Everything from the line containing "Used 2015 Toyota Corolla LE FWD image 16" to the end of the listing, both included, should be returned exactly, apart from the pictures.

◆ PROVIDED DATA
——————————
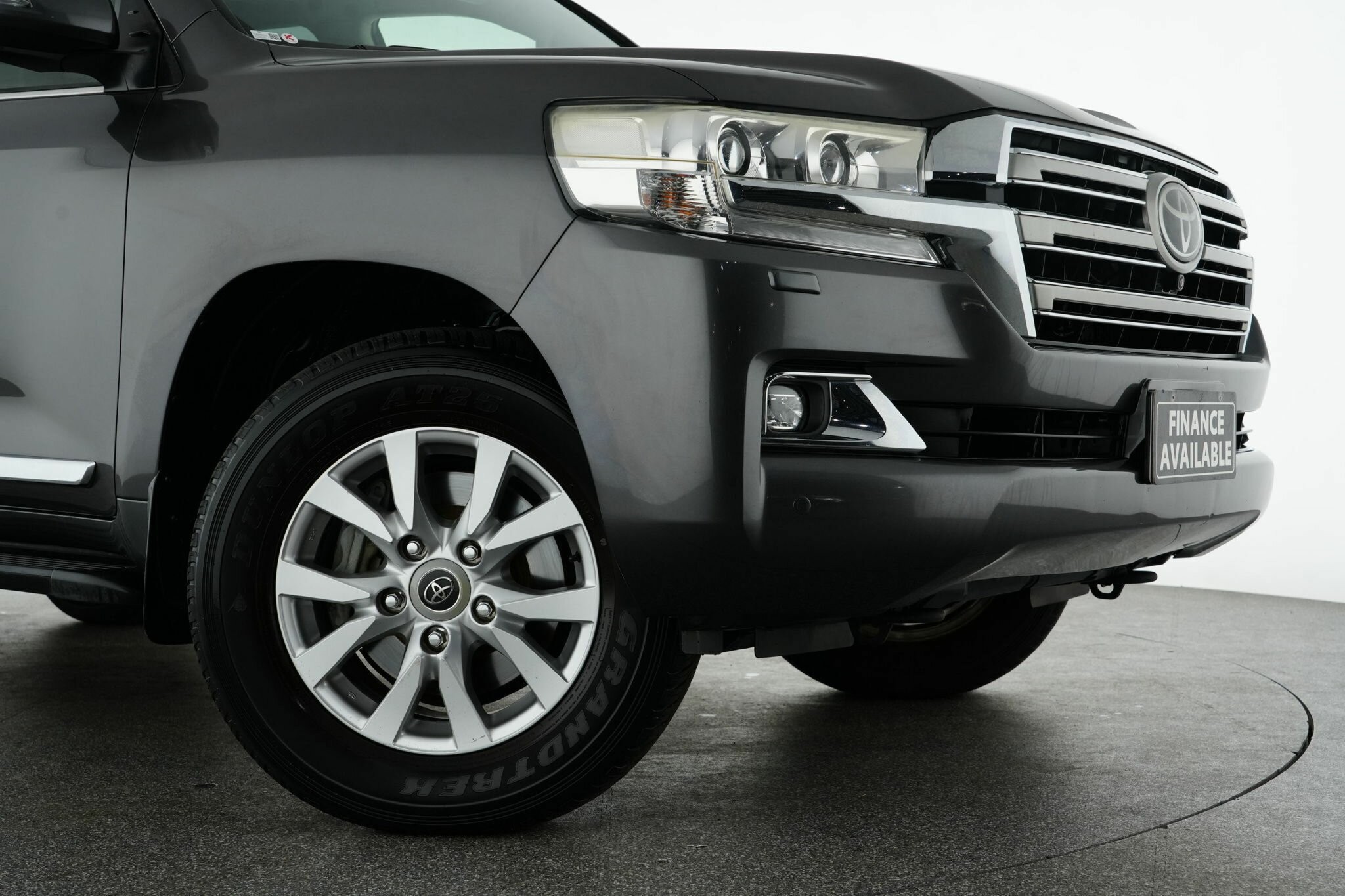 Toyota Landcruiser image 2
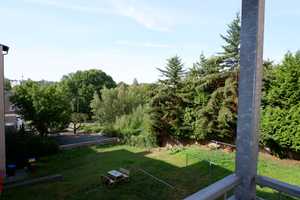 Neues Laminat / Balkon / Bad mit Dusche / im Dachgeschoss – Mosenstr. 9, 9130 Chemnitz – Vorschaubild 1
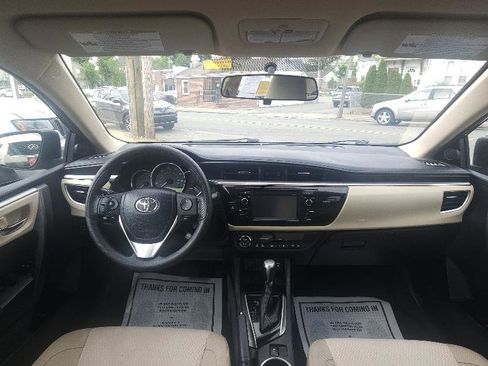 Used 2015 Toyota Corolla LE FWD image 16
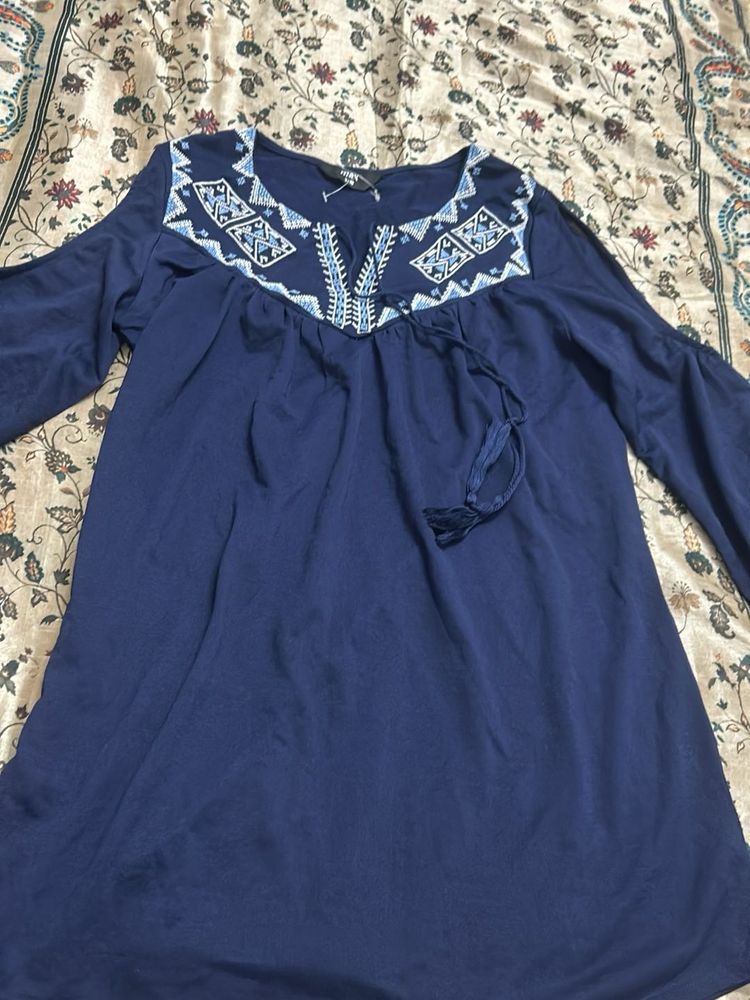 Embroidered Tunic Top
——————————
◆ FINISHED TASK
 Used 2015 Toyota Corolla LE FWD image 16
 Embroidered Tunic Top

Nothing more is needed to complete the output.